第5話 画竜点睛の時
俺は再び頭を下げ、それから口を開いた。
「まこともって、ありがたきこと。
信春、直治、屏風を関白様にお目にかけるのだ」
俺の声にうなずき、二人が荷車から襖に挟まれた屏風を抱え、運び込む。
「こちらの座敷に入れよ。
人目につかぬ方が良いし、狩野の絵じゃ、徒や疎かにはできぬ」
「お言葉、ありがたく」
そう俺は手早く応え、立ち上がって信春、直治どのを手伝う。この場合、ぐだぐだと言葉を紡ぐより、はやくお見せした方がいい。関白様が見ようとじりじりとされているのが窺えるのだから。
数瞬の間ののちには大きな屏風一双が開いて置かれ、座敷に京の町を出現させていた。
「これは予想を超えて、また見事な……」
そう呟いて、関白様は顔を屏風に近づけてしげしげと眺め、眺め続けた。
「おや、麿がいるではないか」
「おそれながら、描かせていただきました」
「見ても見ても尽きぬ。見飽きぬ。
京の町は果てがないの。
まさに、これは素晴らしいものじゃのう……」
と、ここで不意に関白様が涙声になられた。
「おうおう、義輝殿がいらっしゃるではないか。
おお、六角が京を押さえた時の姿か。
この……、この京はもはやなく、儚い過ぎ去った夢のような姿じゃな……」
「いいえ、お言葉を返しまことに申し訳ございませぬが、これを過ぎ去りし二度と取り戻せぬものとしてはなりませぬ。

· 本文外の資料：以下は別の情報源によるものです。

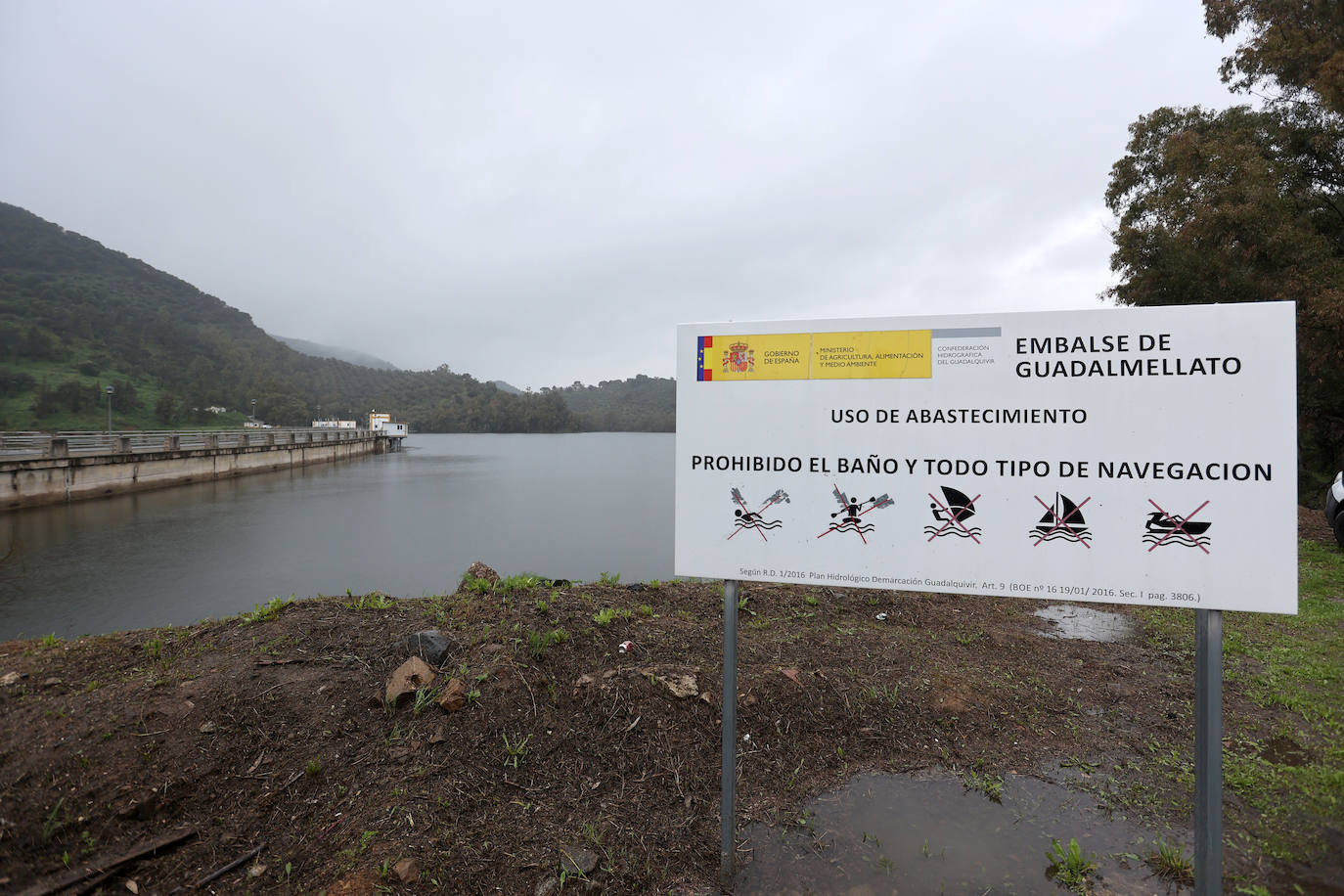 La notable crecida del río Guadalquivir, en imágenes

そのためにこそ、この屏風に将軍様のお姿を残したのでございます」
関白様のような貴人に言葉を返すは不敬なれど、俺は言わずにはいられなかった。
「そうか。そのとおりかも知れぬのう。
『麿が不甲斐ないばかりに義輝殿が討たれてしまった』などと言えば、『わしは将軍じゃ、馬鹿にするな』と、義輝殿は声を荒らげられたであろうなぁ」
見れば関白様、はらはらと落涙されていらっしゃった。
「それは見事な最期であったと、将軍の名に恥じぬお強き姿であったと、市中の者も皆噂しておりまする。この絵は再びその将軍様の御威光を取り戻すべき姿にて、その道標となるものにございます。
そうあらねば、将軍様も浮かばれませぬ」
「棟梁の言うとおりじゃ。
再び取り戻さねばならぬ姿じゃ。
そのためにも聞いておきたい。義輝殿は、棟梁にはどのような絵を描けと申されたのじゃ?」
袖で涙を拭いながらの御下問である。
「は。
将軍様はまず、手前に尋ねられました。
関白様が越後に下向したのは知っておろうか、と。そして、将軍様は関白様と志を同じゅうしておられる、と。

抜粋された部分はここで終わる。